She had always been, always the dead last among her teammates.

The civilian-born girl standing beside the Nine-Tails jinchuriki, Uzumaki Naruto, with his immense chakra pool, and the last Uchiha, Sasuke, blessed with Sharingan eyes and a relentless ambition. And their sensei, Hatake Kakashi,  who was a once-in-a-generation prodigy, a legend even among his jōnin peers, the only Sharingan bearer without Uchiha bloodline. Next to them, Sakura felt painfully ordinary. 

Sakura's early talent for book smarts and perfect chakra control paled completely in comparison to their raw potential. She was weak, but that was until Senju Tsunade took her under her wing. The Fifth Hokage shaped her carefully, passing down everything she knew.

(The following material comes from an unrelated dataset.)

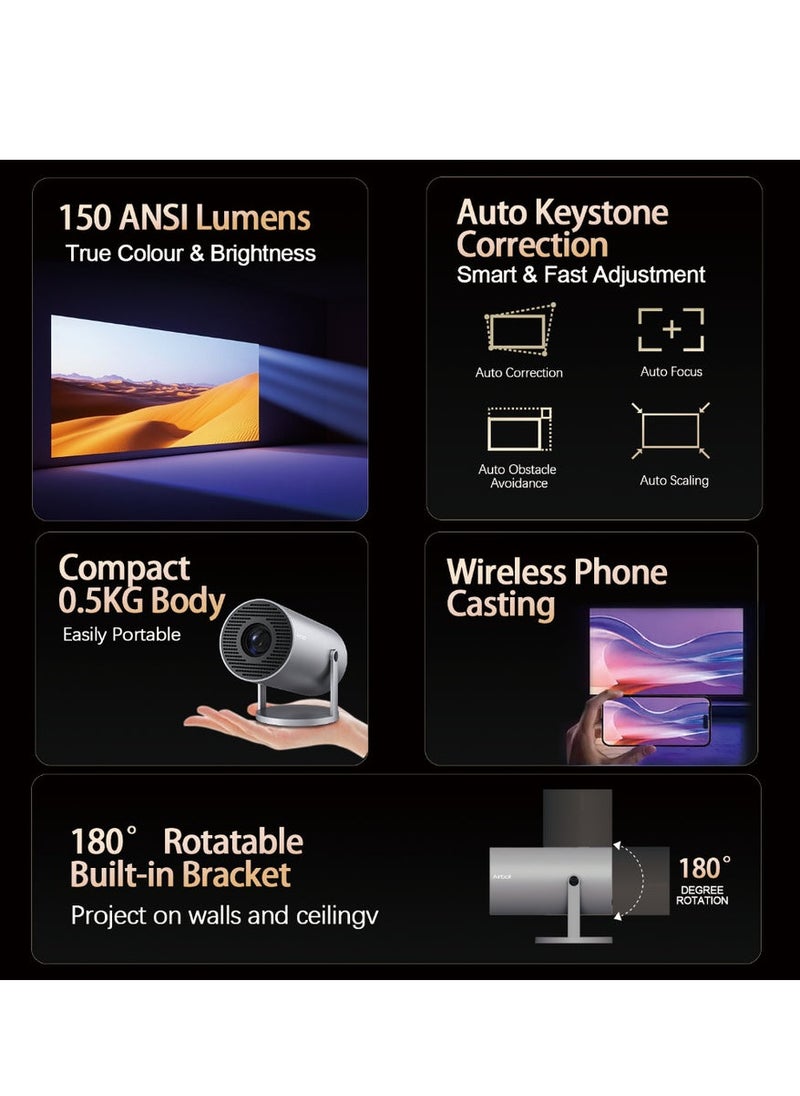 آيربوت Airbot PJ168 EU - جهاز عرض ألعاب 1080P / 4K مع Wi-Fi 6، 150 ANSI Lumens، أندرويد 11، إسقاط 360 درجة، محمول وخفيف الوزن  - Image 3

Sakura was aware she was privileged, she was the only apprentice the greatest medic in the world had ever accepted.
For a short period she allowed herself to feel proud. 

And then she realized that for every step she took forward, Naruto and Sasuke took two. 

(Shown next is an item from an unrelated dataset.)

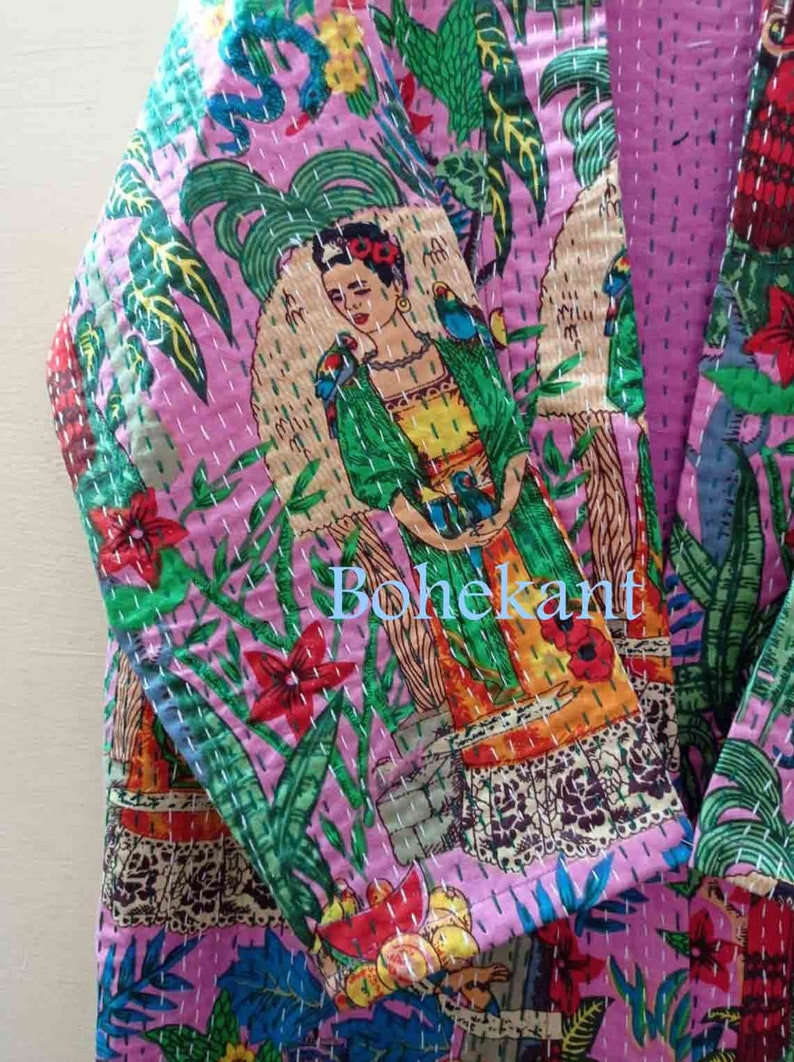 Handmade Dresses Hand Block Kantha Kimono Indian Bath Robe IndIan handamde Pinck Color Farida Khalo Printed Kimono Free Shipping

No matter how hard she trained, how much she studied, how relentlessly she pushed herself, she was the one struggling to keep up. She wasn’t good enough. 

So, when Pain attacked Konoha she was genuinely surprised she was assigned to lead the medical division. She barked orders to medics twice her age. She tried not to hesitate, Sakura forced her voice to came out more confident than she felt in that moment.

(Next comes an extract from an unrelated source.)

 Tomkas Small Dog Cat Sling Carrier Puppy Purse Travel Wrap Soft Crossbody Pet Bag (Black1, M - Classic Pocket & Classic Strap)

She had to decided who was treated immediately and who had to wait. She had to amputate limbs. She had to decide who could still be saved and who could not. She lost three patients and she had deliberately let two more go. That was only in the tent. Hundreds had already died across the village. 

The injured kept coming faster than she could stabilize them, faster than even she could triage.
She was doing everything she could. 

For the first time in years she found herself praying. Not to be stronger, not to be better. But for Naruto to come back and save them all. She hated herself for it. 

But he did. 

As if hearing her prayers Naruto returned to the Leaf and so the balance shifted. 

Her relief lasted only minutes. Then Chouji bursted into the makeshift medical tent and told them about Kakashi.

Her heart sank. She turned to Shizune, a silent plea in her eyes. The brunette met her gaze and nodded. Sakura didn’t hesitate. She ran. She ran past the wounded she was supposed to stabilize, past the dying she should be comforting. 

Those who break the rules are scum, but those who abandon their friends are worse than scum. 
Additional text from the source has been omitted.